WHAT THIS TASK INVOLVES: All of the data that follows should be given again exactly, without its images.

RAW DATA:
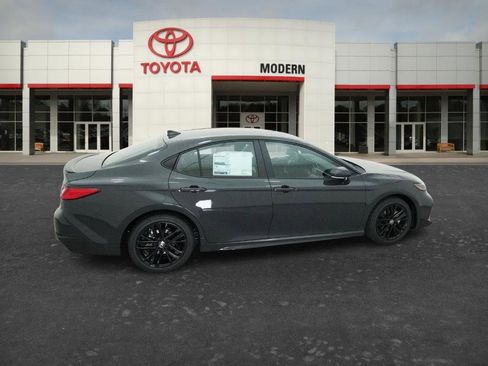 New 2026 Toyota Camry SE FWD image 13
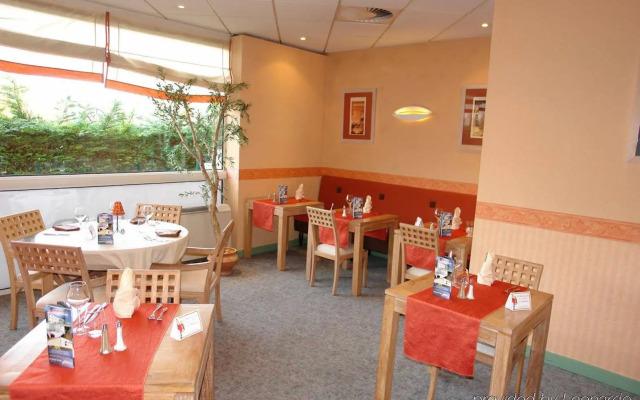 Brit Hotel Tours Sud - Le Cheops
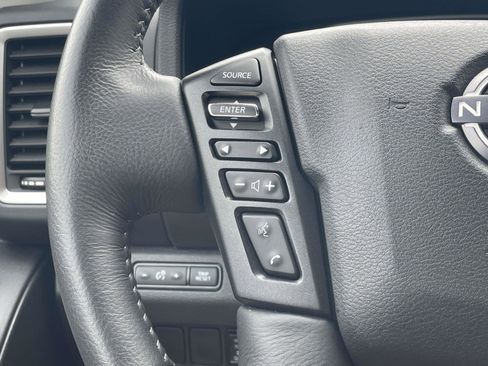 Used 2024 Nissan Frontier SV w/ SV Convenience Package image 19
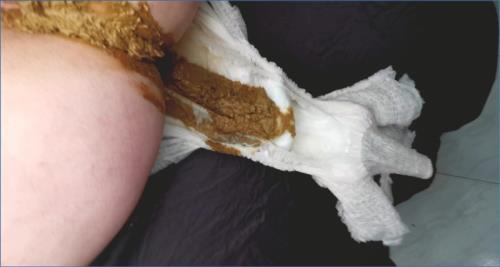 Dirty Betty Delivers Extreme Fetish in 4K Scat Scene – Scat-Slaves poster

YOUR SOLUTION:
 New 2026 Toyota Camry SE FWD image 13
 Brit Hotel Tours Sud - Le Cheops
 Used 2024 Nissan Frontier SV w/ SV Convenience Package image 19
 Dirty Betty Delivers Extreme Fetish in 4K Scat Scene – Scat-Slaves poster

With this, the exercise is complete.